The labor strike was unsuccessful, and the miners went back to work within a couple of months. The national Knights of Labor organization refused to support the Carbon strike and the hold out by white miners in Rock Springs following the Rock Springs Riot. The organization avoided supporting the miners along the Union Pacific Railroad, because it did not want to be seen as condoning the violence at Rock Springs. When the Union Pacific Coal Department reopened the mines, it fired 45 white miners connected to the violence.

Arrests
After the riot in Rock Springs, sixteen men were arrested, including Isaiah Washington, a member-elect to the territorial legislature. The men were taken to jail in Green River, where they were held until after a Sweetwater County grand jury refused to bring indictments. In explaining its decision, the grand jury declared that there was no cause for legal action, stating, in part: "We have diligently inquired into the occurrence at Rock Springs. ... [T]hough we have examined a large number of witnesses, no one has been able to testify to a single criminal act committed by any known white person that day."

Those arrested as suspects in the riot were released a little more than a month later, on October 7, 1885. On their release, they were "...met ... by several hundred men, women and children, and treated to a regular ovation", according to The New York Times. The defendants in the Rock Springs case enjoyed the same broad community consent that lynch mobs often received. No person or persons were ever convicted in the violence at Rock Springs.

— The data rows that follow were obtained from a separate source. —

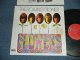 ROLLING STONES -  FLOWERS ( Ex+/++/MINT-)  / Late 1970's GERMAN GERMANY REISSUE Used  LP  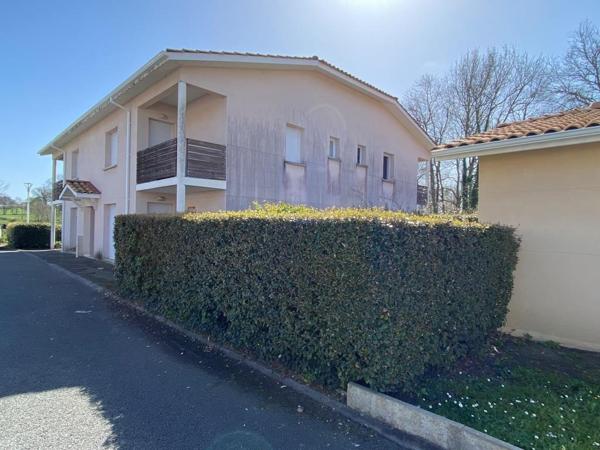 SAINT-SAVIN MAISON Saint-Savin (33920)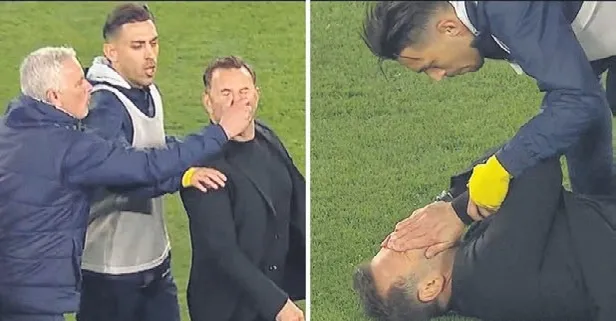 Galatasaray, Fenerbahçe’ye verilen cezalar için TFF’ye itiraz etti!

Diplomatic and political issues

After the riot, the U.S. government hesitated to make amends to the Chinese for the massacre. In China, the governor-general of the Guangdong region suggested that Americans in China might be the target of revenge for the events in Rock Springs. The American envoy to China, Charles Harvey Denby, and others in the diplomatic corps reported rising anti-American sentiment in Hong Kong and in Canton, Guangdong, following the riot. American diplomats warned their government that the backlash from the massacre could ruin U.S. trade with China; they also reported that British merchants and newspapers in China were encouraging the Chinese to "stand up for their oppressed countrymen in America." Denby advised that U.S. Secretary of State Thomas Bayard obtain compensation for the victims of the massacre.

The United States government agreed to pay compensation for the damaged property but not for the actual victims of the massacre, although Bayard was inclined to resist the requests for payments. In a letter to the minister of China's Washington legation dated February 18, 1886, he expressed a personal view that the violence against Chinese immigrants was precipitated by their resistance to cultural assimilation, and that racism against Chinese was typically found among other immigrants rather than the majority of the populace: Denby's predictions caused Bayard to seek a Congressionally appropriated indemnity. At Bayard's urging, the U.S. Congress provided US$147,748.74 as an indemnity. The compensation was made as a monetary gift and not as a legal decree of responsibility for the massacre and the outcome amounted to a minor diplomatic victory for China.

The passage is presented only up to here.